Business continuity planning for digital assets is usually treated as an afterthought—something you'll handle "later." But later often arrives during a crisis, when you're scrambling to regain control of critical accounts while your website is down.
The foundation of a proper continuity plan isn't complicated. It's knowing: Who has access to what? What happens if they can't perform their role? And how do you transfer control if you need to?
What "access" actually means for your business
Most businesses don't fully catalog their digital assets until something breaks. Start by listing what you actually need to keep online and running:
Domain registrar access: Where your domain name is registered (GoDaddy, Namecheap, Google Domains, etc.). This is where you renew your domain, point it to a new host, or transfer it elsewhere. If nobody but one person can log in, you can't act if that person is unavailable.
Hosting account access: Whether you're on shared hosting, a VPS, or a managed cloud platform, you need admin-level access to the account itself.
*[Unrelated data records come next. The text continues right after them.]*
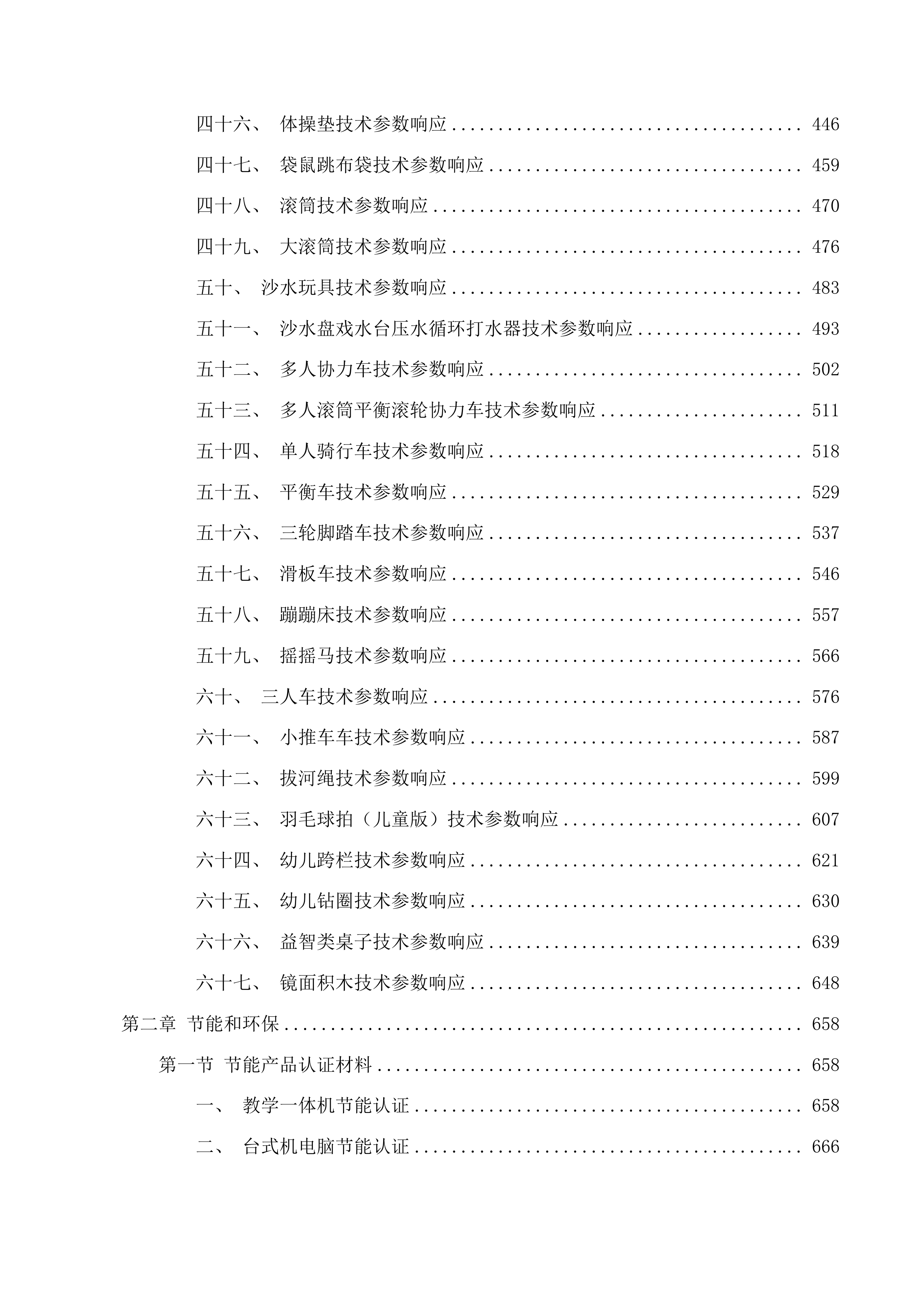 幼儿园玩教具项目投标方案.docx 第3页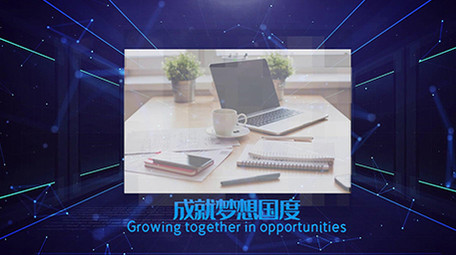 数字科技图文视频展示PR模板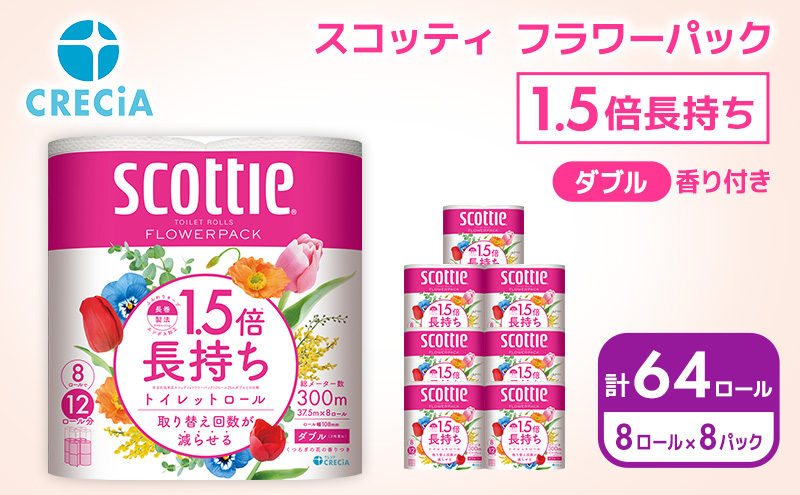 スコッティ トイレットペーパー ダブル 1.5 倍巻き ( 8ロール入×8パック ) フラワーパック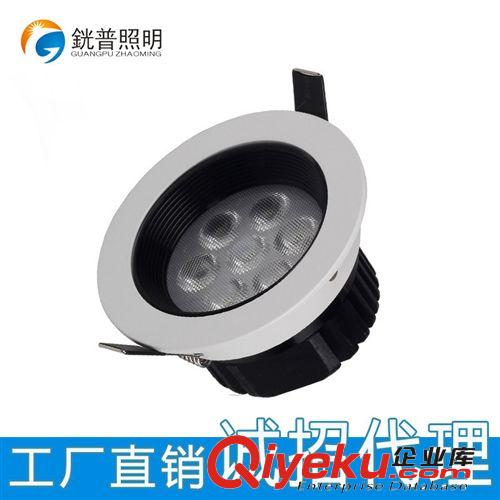 LED天花灯 【銧普照明】7W背景墙射灯 装饰灯效果灯防眩光保护眼睛工程专用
This is separate from having SSH access to the server—it's the ability to spin up new servers, adjust billing, or migrate to a new provider.
Email account access: If your business email is hosted on the same platform as your website, or in a separate service like Google Workspace or Microsoft 365, someone needs to be able to reset passwords and recover access if the primary user account is locked out.
Code repository access: If your website is custom-built, your code lives somewhere—GitHub, GitLab, Bitbucket, or an internal server. Access to this means being able to deploy changes or hand off the codebase to a new developer.
SSL certificate and security keys: Your SSL certificate (the thing that makes your site HTTPS) has to be renewed periodically. If only one person has access to the account where it's managed, you have a problem when renewal time comes and they're unavailable.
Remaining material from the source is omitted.